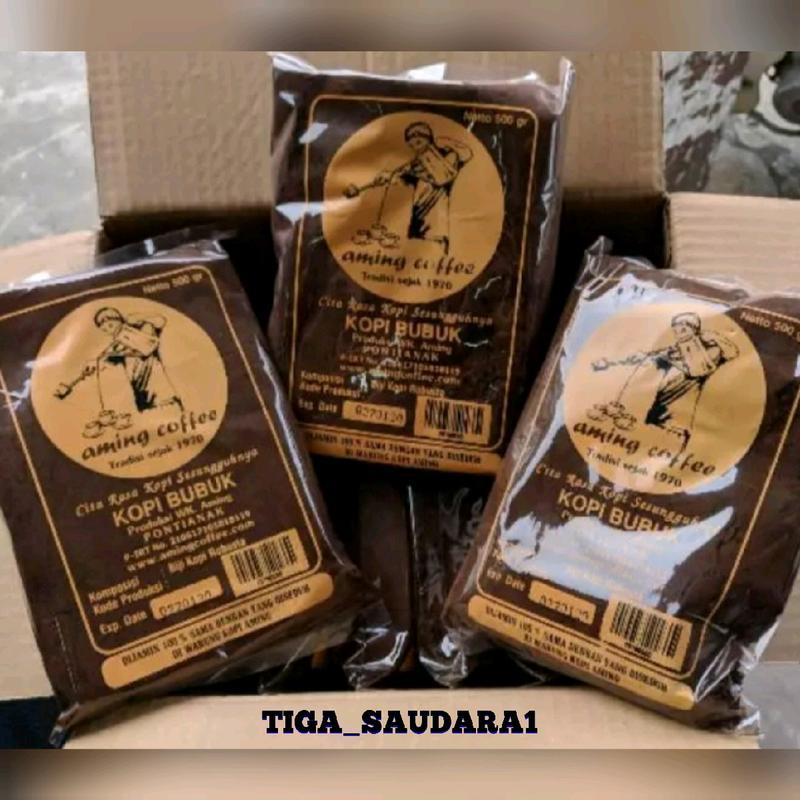 kopi aming cita rasa khas pontianak kemasan 500gram Bubuk Coffee Robusta 0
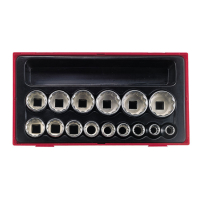 Teng Tools, 15-pc US sized 12-point sockets
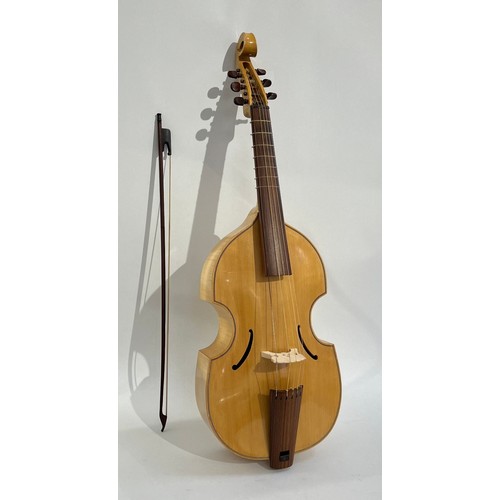 5074 - A Michael Plant viol, tenor, circa 1976, Baroque style, standard pitch, cased with Conrad Gotz bow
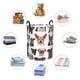 thumbnail image 4 of Fotbe Happy Dog Faces Collage Cesto de Ropa con Asas, Cesto Impermeable de Gran Capacidad, Bolsa de Lavado para Dormitorio, Cesto de Ropa con Ruedas y Asas-Small, 4 of 6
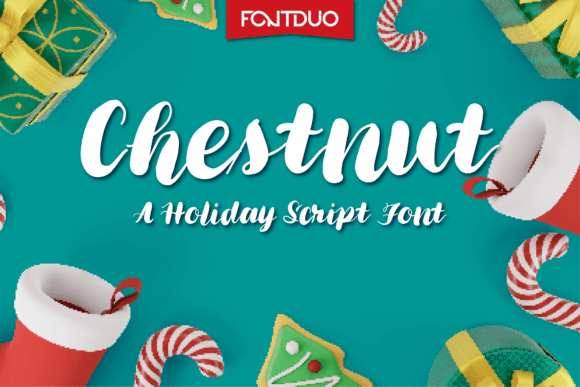 Chestnut: A Charming and Festive Handwritten Script Font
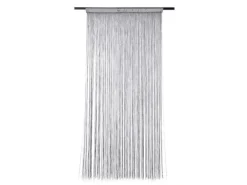 COCON Fadenvorhang 90 cm x 200 cm, Grau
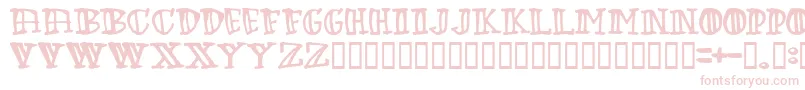 Green Font – Pink Fonts on White Background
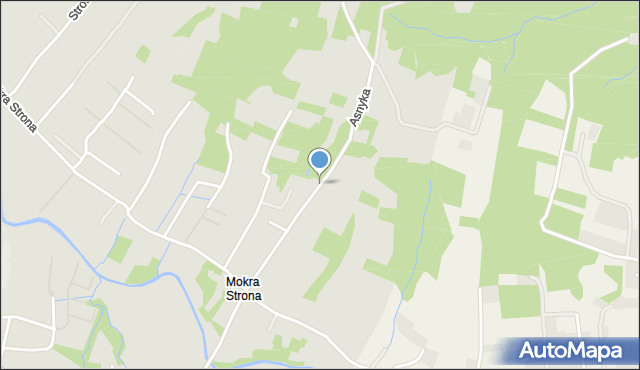 Tyczyn powiat rzeszowski, Asnyka Adama, mapa Tyczyn powiat rzeszowski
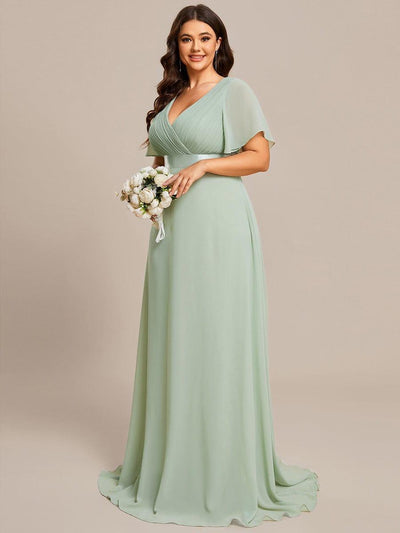 Monique | Long Empire Waist Bridesmaid Dress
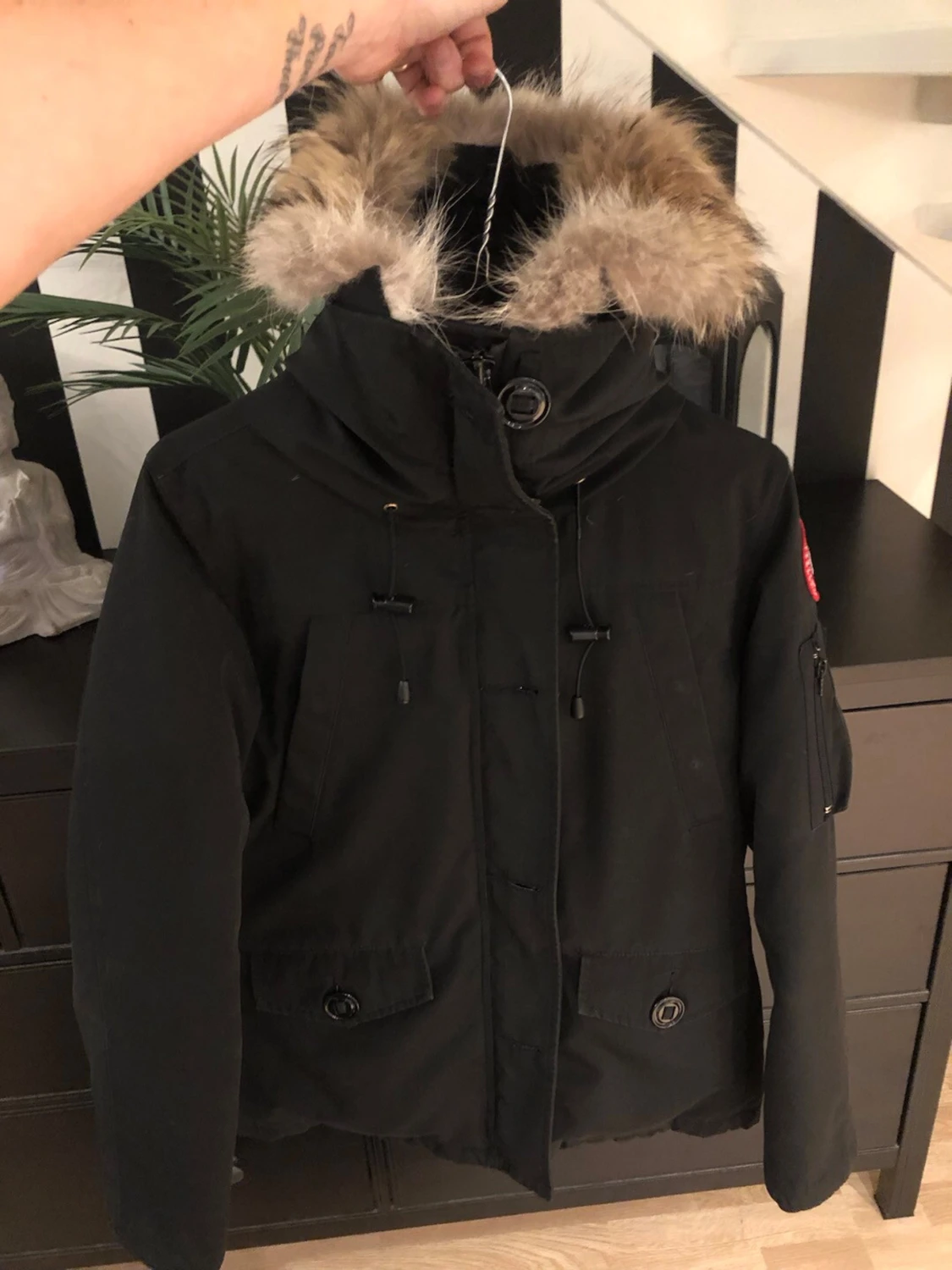 Svart dunjacka från Canada Goose *montebello* - 1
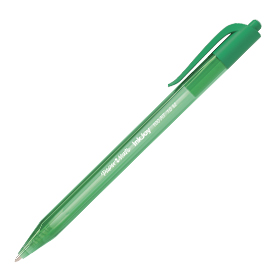 Penna sfera scatto inkjoy stick 100rt 1,0mm verde papermate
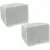 DAP Xi-3 4 inch installatiespeaker wit (set van 2)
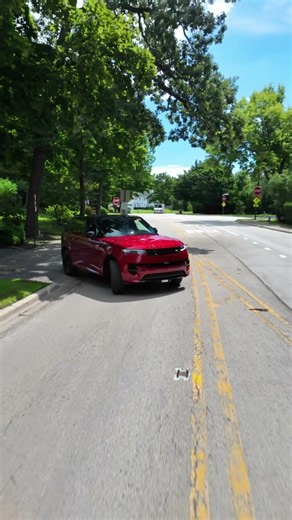 Firenze Red, In Motion | The 2026 Range Rover Sport on North Shore Roads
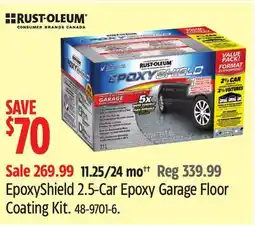 Canadian Tire Rust-Oleum EpoxyShield 2.5-Car Epoxy Garage Floor Coating Kit offer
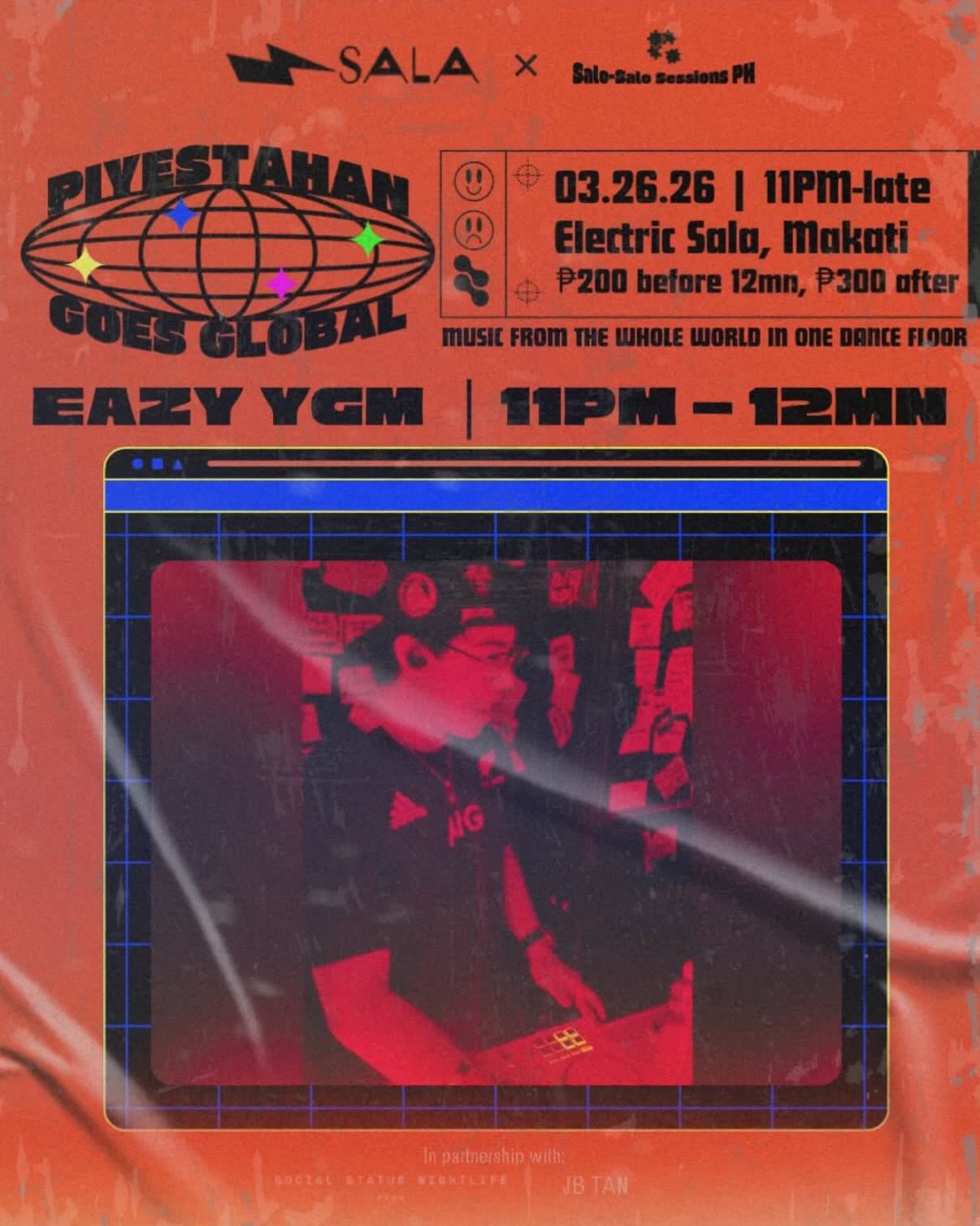 Poster for Piyestahan Goes Global - March 26, 2026, Electric Sala · Poblacion, Makati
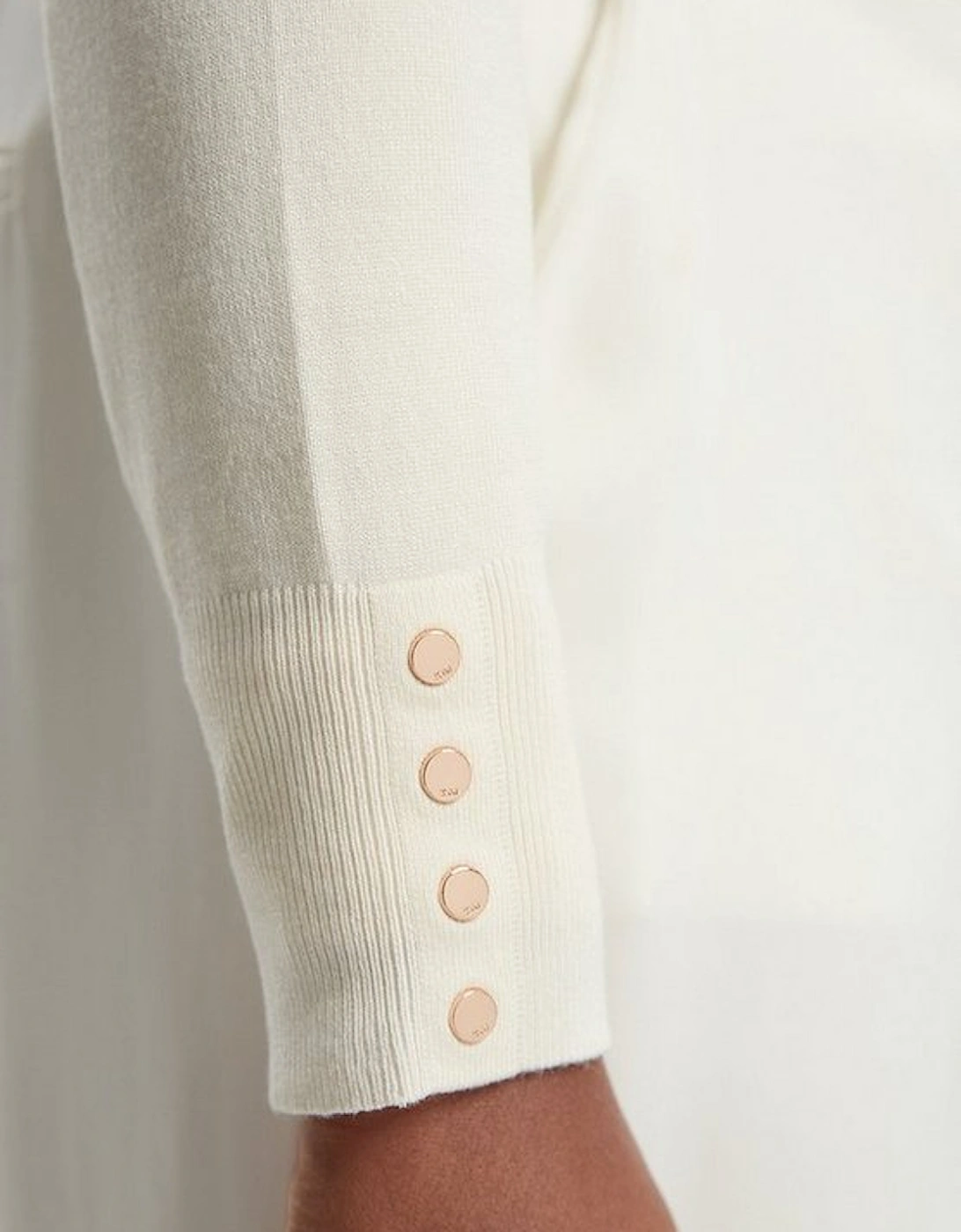 Plus Size Viscose Blend Knitted V Neck Jumper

- [Problem to solve] Give the data again exactly as written, with all pictures left out.

- [Response to the exercise]
 kopi aming cita rasa khas pontianak kemasan 500gram Bubuk Coffee Robusta 0
 Teng Tools, 15-pc US sized 12-point sockets
 5074 - A Michael Plant viol, tenor, circa 1976, Baroque style, standard pitch, cased with Conrad Gotz bow
 thumbnail image 4 of Fotbe Happy Dog Faces Collage Cesto de Ropa con Asas, Cesto Impermeable de Gran Capacidad, Bolsa de Lavado para Dormitorio, Cesto de Ropa con Ruedas y Asas-Small, 4 of 6
 Chestnut: A Charming and Festive Handwritten Script Font
 COCON Fadenvorhang 90 cm x 200 cm, Grau
 Green Font – Pink Fonts on White Background
 Tyczyn powiat rzeszowski, Asnyka Adama, mapa Tyczyn powiat rzeszowski
 Monique | Long Empire Waist Bridesmaid Dress
 Svart dunjacka från Canada Goose *montebello* - 1
 Penna sfera scatto inkjoy stick 100rt 1,0mm verde papermate
 DAP Xi-3 4 inch installatiespeaker wit (set van 2)
 Firenze Red, In Motion | The 2026 Range Rover Sport on North Shore Roads
 Canadian Tire Rust-Oleum EpoxyShield 2.5-Car Epoxy Garage Floor Coating Kit offer
 Poster for Piyestahan Goes Global - March 26, 2026, Electric Sala · Poblacion, Makati
 Plus Size Viscose Blend Knitted V Neck Jumper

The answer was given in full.